Oppositions can also just be sentences of the opposite form. For example, “Thomas Jefferson was the worst president of all time” can be opposed with “Thomas Jefferson was a great president” or “X is impossible” can be opposed with “X is not impossible”.

We saw how to divide an argument into one assertion and two or more opposing ones. I think the same approach can be applied to essays. The simplest way to do it is as follows:

Find a bold statement. Oppose it. The two should oppose each other strongly. It should be true that the opposing assertion is true. At this point you can start thinking about how to make it wrong. You can now start making assertions that oppose the opposing ones.

If that seems confusing, the following might make it clearer:

Choose one opposing assertion.
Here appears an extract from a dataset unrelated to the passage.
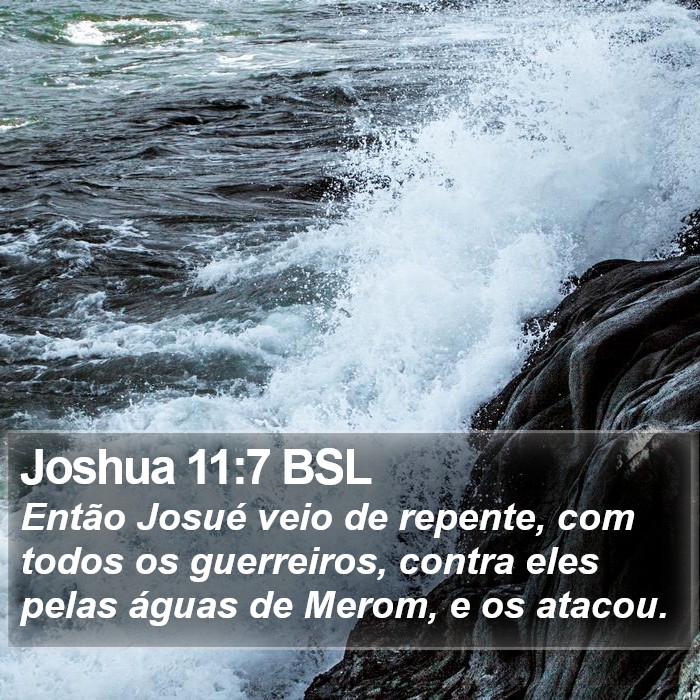 Joshua 11:7 BSL Bible Study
Make it true, either by making it a more specific statement of the same idea or by making it a new idea. If the first step seems unclear, see the next step. Now make two new opposing assertions that oppose the first one. You can either make them the same as the first or you can make them new. You don’t have to start out with two completely different assertions. You can make one kind of opposition and then follow with a second kind. You can also put the second assertion next to the first and make it the same as the first, and so on. Each opposing assertion you make should be at least partly true. However, it should also be possible to make an opposing assertion that’s almost true. An opposing assertion can be false but reasonable, or true but absurd. If you have an opposing assertion that’s reasonable, you can use it to oppose another one. For example, you can start with “You can trust Donald Trump” and oppose it with “Donald Trump is a criminal”. You can make an opposing assertion that’s both true and absurd and then make another opposing assertion that’s true and absurd. You can make an opposing assertion that’s both true and ridiculous, and then use that to oppose a completely true assertion, such as “The United States is a nation.” You can begin by opposing an assertion that’s true, but ridiculous, and then make a completely true assertion to oppose it, such as “The United States is a Christian country.” Each opposing assertion can have a different level of truth. For example, “You can trust Donald Trump” can be true and absurd, while “Donald Trump is a criminal” can be true and reasonable. Each opposing assertion can be separated into two statements of a different kind. For example, “Donald Trump is a criminal” can be two assertions: “He’s a criminal and he’s a Republican”. You can oppose each assertion with a different kind of opposing assertion. This may seem strange, but if it seems more useful, I’ll spell it out. The two assertions can be made different with different words. You can make an assertion that’s very strong and not much true and oppose it with an assertion that’s not very strong and much true. Or you can make an assertion that’s very weak and much true and oppose it with an assertion that’s not very weak and much true. You can also make opposing assertions that are true and untrue at the same time. If an assertion is untrue, it’s very likely that it’s untrue,

Gwern Branwen

An essay by Gwern Branwen (gwern.net) on his research into the dangers of catastrophic AGI.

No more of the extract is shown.